Monday, March 19, 2012

America Vacation Spot : Judson Valley and the Catskills

Let’s move up the Hudson Valley now. The Hudson River has been compared with the Rhine in its scenic splendor, but it is dramatically American is in its historical associations. Shortly after seeing the splendid Palisades, and viewing the river from Palisades Interstate Park, the visitor comes to Bear Mountain, where there's a friendly inn with an enormous stone fireplace, and pleasant Adirondack-type stone lodges, all in a very attractive state park a little more than an hour's drive north of the city. About fifteen minutes further along is the U.S. Military Academy at West Point.

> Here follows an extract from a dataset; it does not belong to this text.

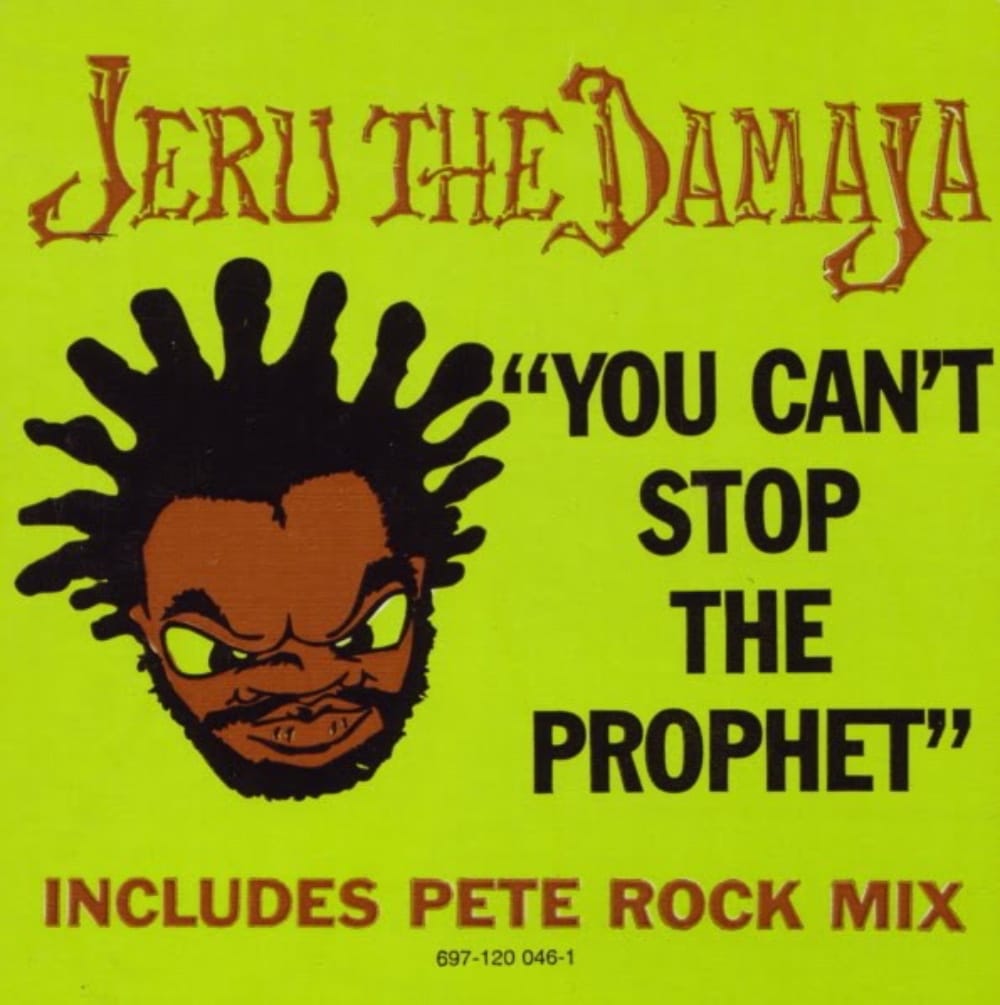 50 Best Hip Hop Remixes Of All Time Cant Stop The Prophet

If you head west from Bear Mountain, you'll soon be in the Catskill Mountains, site of a huge state park, but far more famous as a truly unique vacation area, perhaps the greatest concentration of small and large resort hotels and inns in the world. The Catskills, easily accessible from New York City, got their start as a resort center with inexpensive boarding houses. The most celebrated was Grossinger's, which has grown to a huge, 690-room resort rambling over 1,200 mountain acres with its own post office (Grossinger, N. Y.) and a landing field for small planes. Its greatest rival is the even larger (1000-room) Concord, at Monticello, but there are many other large hotels in the area offering facilities for practically every sport imaginable and a nighttime entertainment program that rivals those of New York and Las Vegas. Many of the top stars of the theater, nightclubs and television started their careers in the Catskills and still are booked into Catskill hotels throughout the year. Although the area started off as a summer resort, the leading Catskill hotels are now as busy during the winter. The terrain is good for skiing, and when the weather fails, snow machines don't.

If you follow the Hudson Valley north of West Point and cross the river, you'll find the Franklin D. Roosevelt home and grave, a National Historical Site, at Hyde Park. North of Albany is Saratoga Springs, one of the most elegant resorts of the nineteenth century, and still a very pleasant and interesting place to visit. There's the famous race track and a trotting course, a racing museum, a state historical park on the site of the Revolutionary War battle of Saratoga, a mineral spa, and a fine old hotel, the Gideon Putnam.